Dayton’s music scene has long specialized in this kind of emotional authenticity. Bands like Brainiac injected anxiety and instability directly into their sound, turning alienation into art-rock electricity. The Breeders balanced melodic sweetness with underlying tension and dislocation. Even the city’s punk and garage scenes carried a sense that beneath the noise lurked genuine vulnerability. The woefully under-appreciated Shrug, powered by Tod Weidner’s brilliant lyrics and melody, captured pure heartbreak in All Around the Underworld.

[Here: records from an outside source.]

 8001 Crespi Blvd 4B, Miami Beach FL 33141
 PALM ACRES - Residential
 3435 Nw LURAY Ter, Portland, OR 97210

Real heartbreak in music rarely sounds cinematic. It sounds exhausted, confused, and unfinished. That is part of what makes Shrug’s All Around the Underworld so affecting. The song does not romanticize pain or turn emotional collapse into performance. Instead, it captures the dull ache of relationships and passing beyond this mortal coil, unraveling in real time — the kind of heartbreak where people keep talking past one another long after they have stopped understanding each other. The songs feel lived-in, carrying the emotional residue of late-night arguments, regret, and the strange silence that follows loss. Like the best sad indie music, All Around the Underworld understands that heartbreak is often less about dramatic endings than about learning to exist in the emotional wreckage when someone is no longer with us.

There is a reason so much great Midwestern indie music sounds slightly frayed around the edges. Perfection would ruin it.

The polished sterility of much mainstream pop leaves little room for emotional ambiguity. Everything arrives digitally perfected, emotionally focus-grouped, and algorithmically engineered for maximum playlist compatibility. Indie music, by contrast, often preserves the rough edges: cracked voices, awkward silences, tape hiss, lyrical uncertainty. Those imperfections create trust. The music sounds human because it allows itself to remain unfinished.

And maybe that is what listeners are really searching for. Not sadness itself, but recognition of what was once with us.

The feeling that somebody else has also sat awake at night, wondering whether things will improve. The reassurance that uncertainty, loneliness, and disappointment are not personal failures but shared human experiences.

That is why songs like “Late” or “Hold on Hope” or “All Along the Underworld” endure long after trendier music fades away. They do not promise transformation. They do not offer simplistic closure. Instead, they accompany listeners through difficult emotional terrain with honesty and humility. Sitting with the feelings rather than pretending that everything is alright.

The late and great (he would hate that) critic, Lester Bangs, once wrote about rock music as a force capable of exposing human truth beneath cultural nonsense. He understood that music mattered most not when it projected invulnerability, but when it documented confusion, desperation, and longing with enough sincerity to make people feel seen.

Sad indie music continues that tradition. Sometimes the most comforting thing a song can say is not “everything will be fine.” Sometimes it is simply: “I know.”